2dimes wrote:I believe Duk that several police officers on earth are jerks, dishing out unreasonable beatings for little to no reason.
Let's be real, videos of police murdering black guys exist. It seems unbelievable but I reluctantly watched one. That's not ok.
Unlike the folks Koolbak is talking about, if police officers are near by abusing innocent people dumb enough to wander into a particular place. I don't think. "I'm going down to get me some of that."
Doesn't matter one fucking bit your skin color, sexual preferences, religion, political vent, number if extremeties. People are either decent or they're not.
I believe that's true for police too.
KoolBak wrote:Of course it's true for police too. And tailors. And bankers. And truck drivers. I said PEOPLE

I was working with some of my favourite cops today, which reminded me that I hadn't gotten around to responding to this.
Yes, there's good people and bad people, and that includes good cops and bad cops.
It isn't about the cops being bad people. It's about the fact that there's nothing to reign them in.

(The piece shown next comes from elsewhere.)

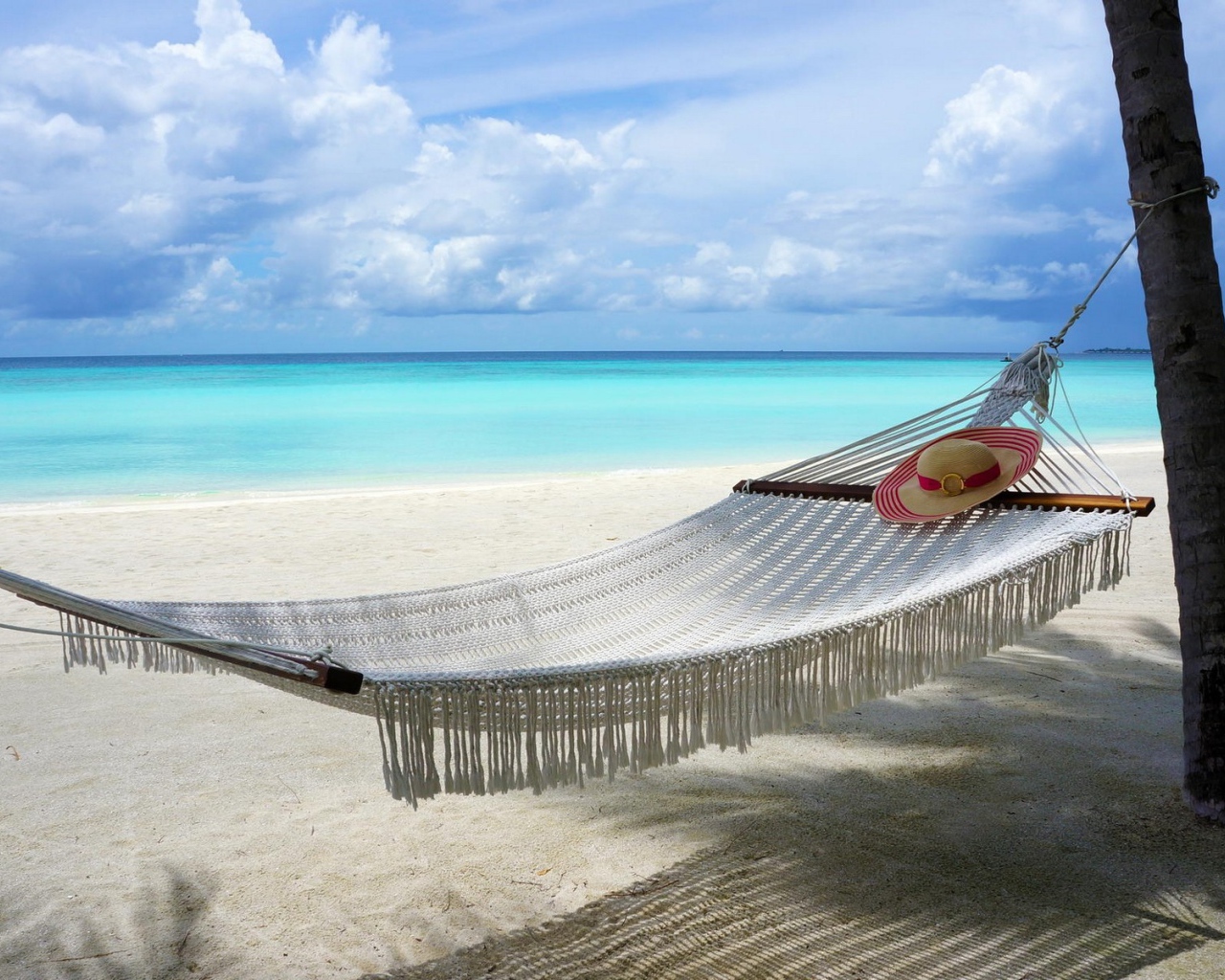 Белый гамак на пляже, Мальдивы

ALL of us are corruptible. All of us, from time to time, face a temptation to do something that we know is wrong. Our conscience is our first line of defense. Most of our evil deeds get stopped in their tracks because Jiminy Cricket pops up in the back of our heads and says "you don't want to do that." But when we're angry or stressed, sometimes our conscience isn't strong enough. That's where the law steps in. It's our second line of defense. When the temptation to beat the shit out of someone grows strong enough that our conscience alone won't hold us back, the thought of going to jail helps hold us back.
The cops don't have this second line of defense. When they lose their temper and beat the shit out of someone, they say "resisting arrest" and four times out of five that will end any investigation right there and then. In the unlikely event that a deeper investigation takes place, they face only a 1/3 chance of actually being charged. If they are charged, they face only a 1/3 chance of being convicted. If they are convicted, they face only a 1/3 chance of being incarcerated.

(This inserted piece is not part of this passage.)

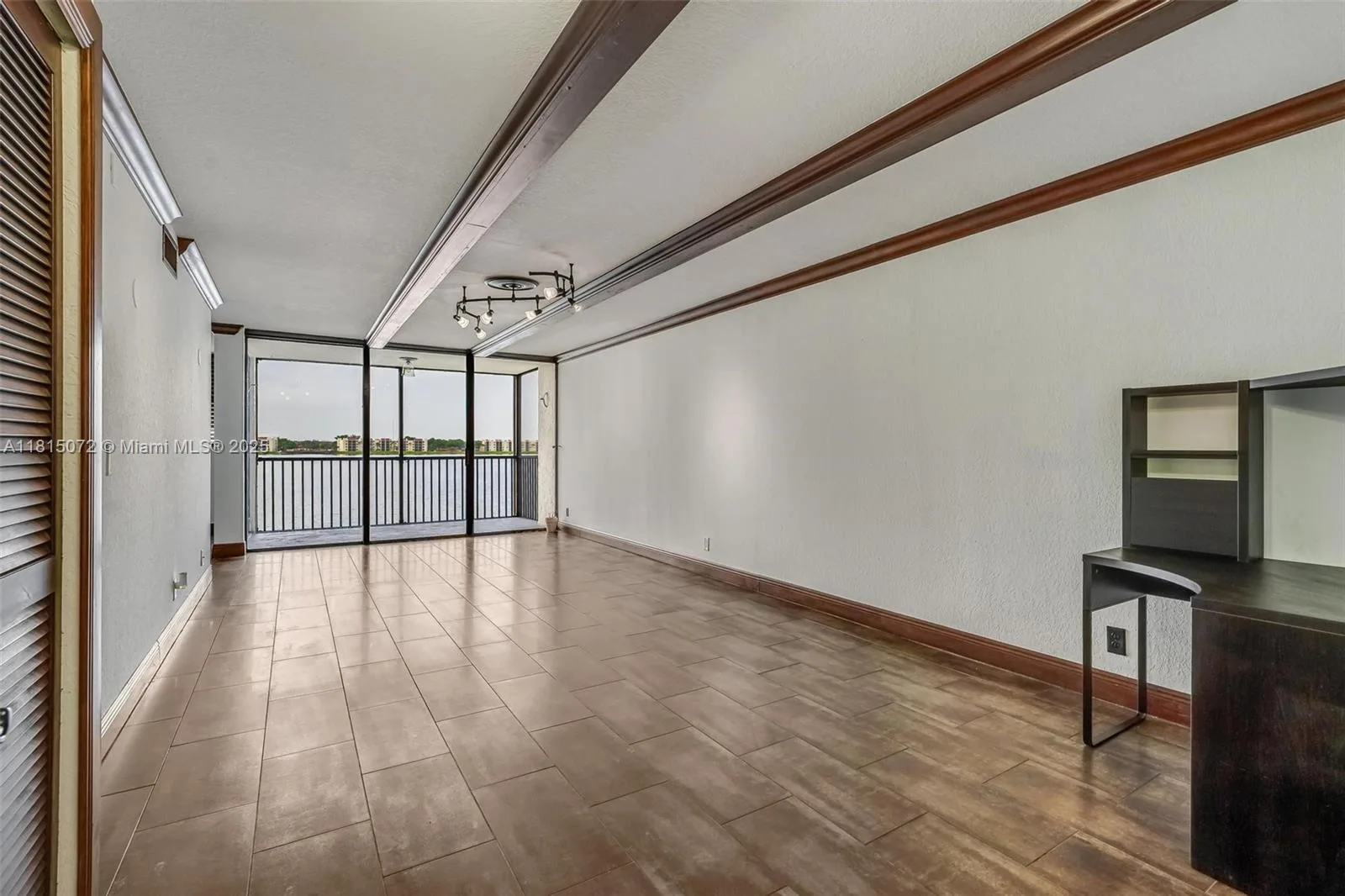106 Lake Emerald Dr # 210, Oakland Park, FL 33309 photo 4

If you or I lose our temper and beat the shit out of someone, our chances of going to jail are about 25%. If a cop loses his temper and beats the shit out of someone, his chances of going to jail are about 3%.

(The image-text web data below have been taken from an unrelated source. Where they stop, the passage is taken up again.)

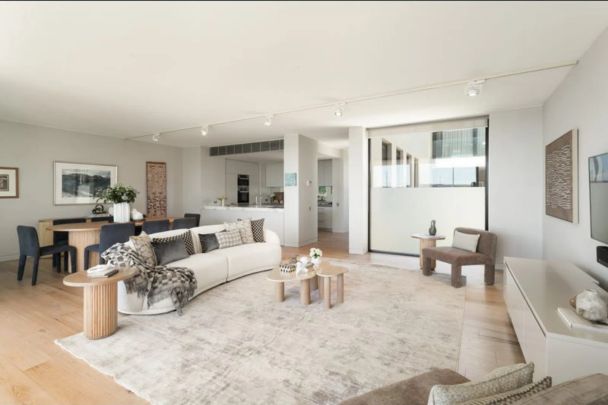 House-Sized Luxury And Exclusivity Overlooking Breath taking Rose Bay Harbour - Photo 1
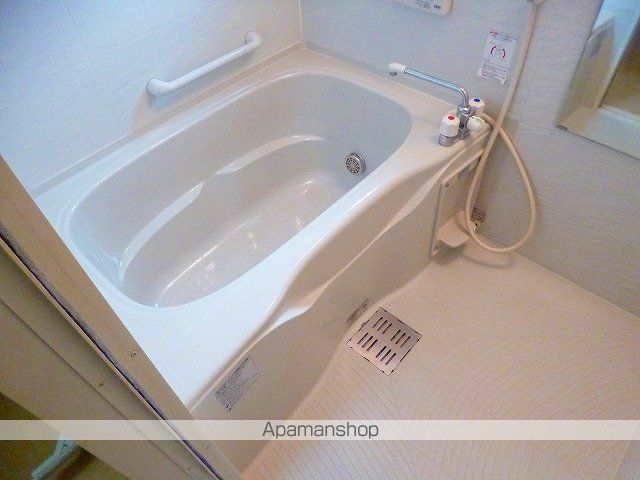 グレンビラII番館の内装写真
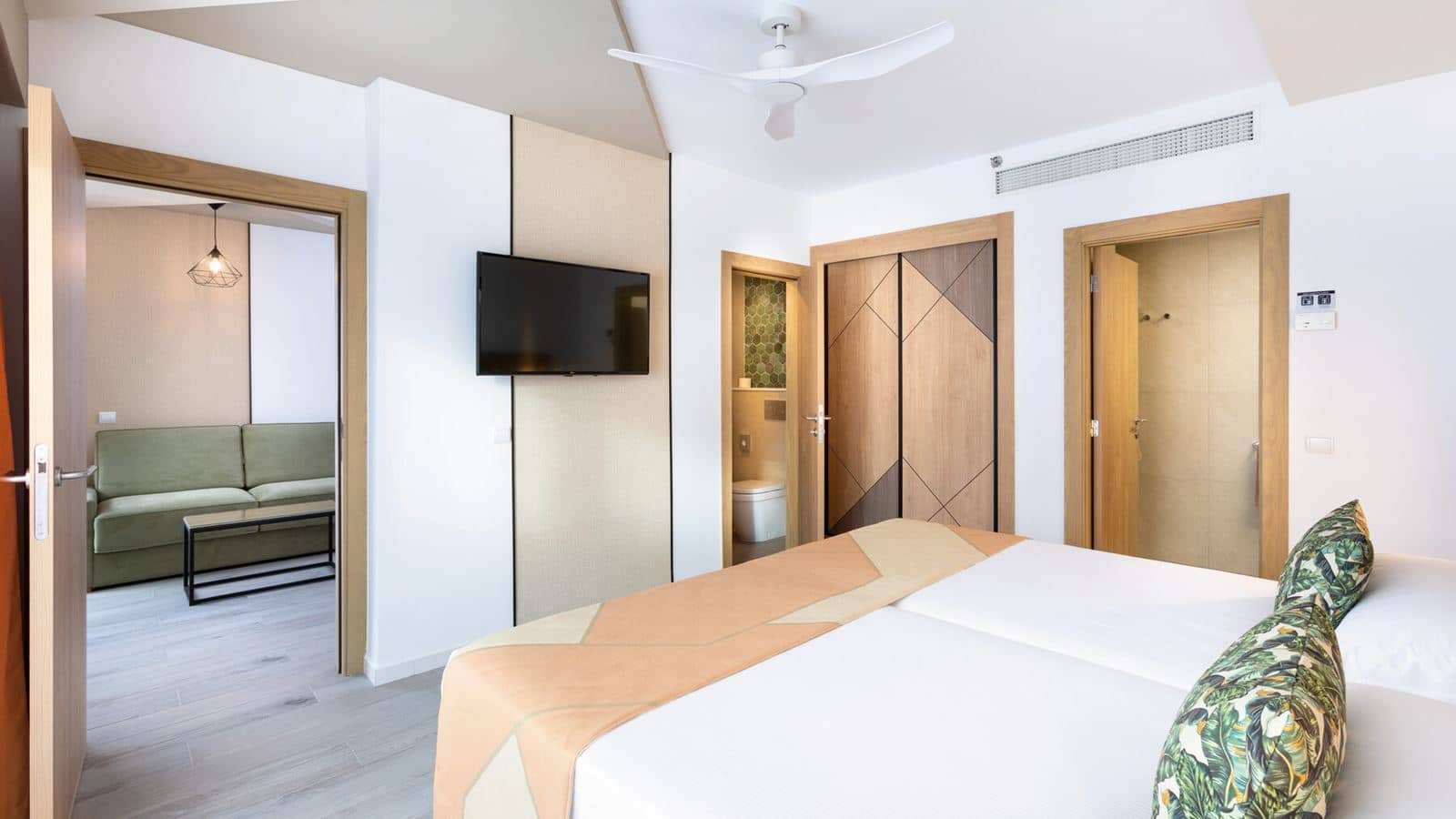 rooms-family-room-1-bedroom-balcony-or-terrace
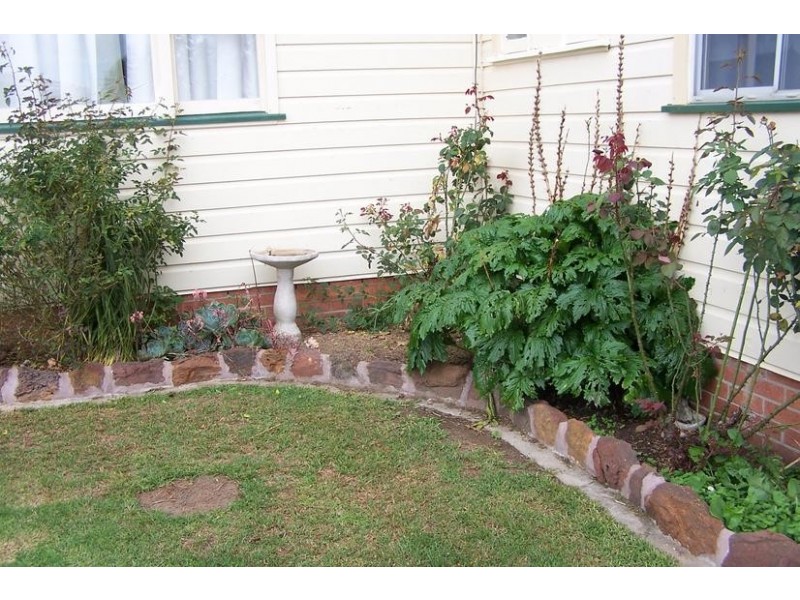 18 Beaconsfield Road, Moss Vale NSW 2577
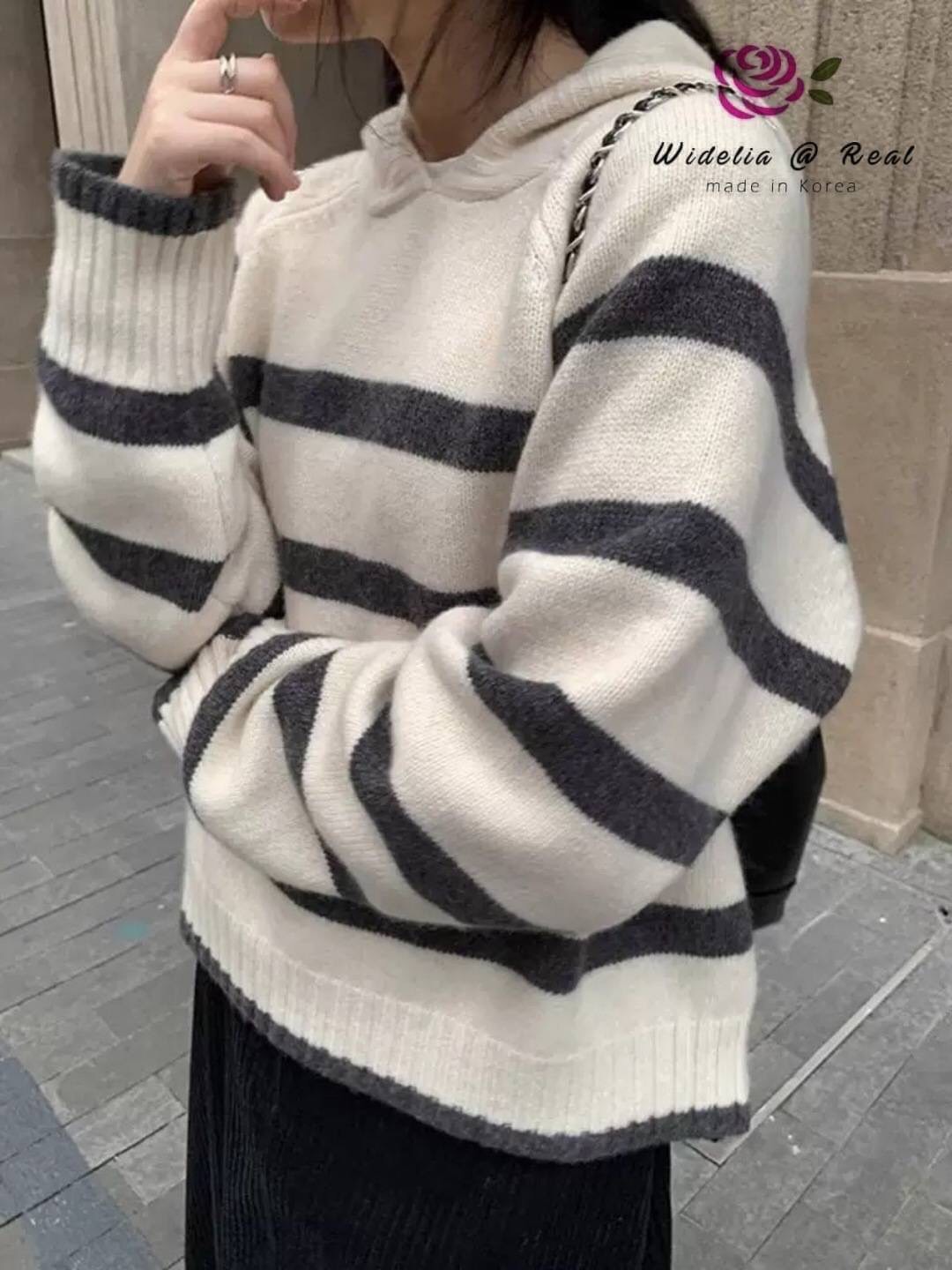 Blouse :: เสื้อตัวยาวสุดเก๋ รุ่นนี้ปังมากแม่ งานเกรดพรีเมี่ยม ตัวเสื้อเป็นไหมพรมเนื้อนุ่มนิ่มทอสลับเป็นริ้วสวย มาพร้อม Hood สุด Cute งานสวย ทรงเป๊ะ คัทติ้งเนี้ยบมาก งานไหมพรมเนื้อดีมากนะคะ รับรองใส่ออกมาไม่ผิดหวังการันตีให้เลย บอกเลยห้ามพลาดเด็ดขาดงานดีงา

This isn't a condemnation of the cops as people. As people, they are neither more nor less perfect than the rest of us. It's a condemnation of the system, which does everything possible to prevent them from being held to account. Police departments and police unions work together to prevent cops from being charged or convicted. The normal management versus union stance doesn't apply here -- the unions want to protect their member, but the department also wants to protect them, because if it's proven that they acted wrongfully, the department might have to pay a settlement. The prosecutors pull their punches and play nice with the cops, since they depend on the police for assistance in other cases. The judges are more likely to believe a cop, especially if his victim was some lowlife. But even if the victim was a normal citizen, the judges still give the benefit of the doubt to police testimony. So everybody in the system -- the cop, his buddies on the force, his union, his five-star attorney provided by the union, his superior officers and the police commission, the judges and even the prosecutor himself -- is lined up to either help or at least not hurt the cop's defense.
Add to that the fact that they are being trained with an "us versus them" mentality, and armed with military-grade hardware, and it's a prescription for a pogrom.
Most of them are not bad people, but the system is set up to indulge the bad ones, and it does nothing to hinder the good ones when they too yield to their worse impulses. You'd have a lot more bank tellers stealing if the banks worked as hard as the police departments at preventing prosecution of the bad apples!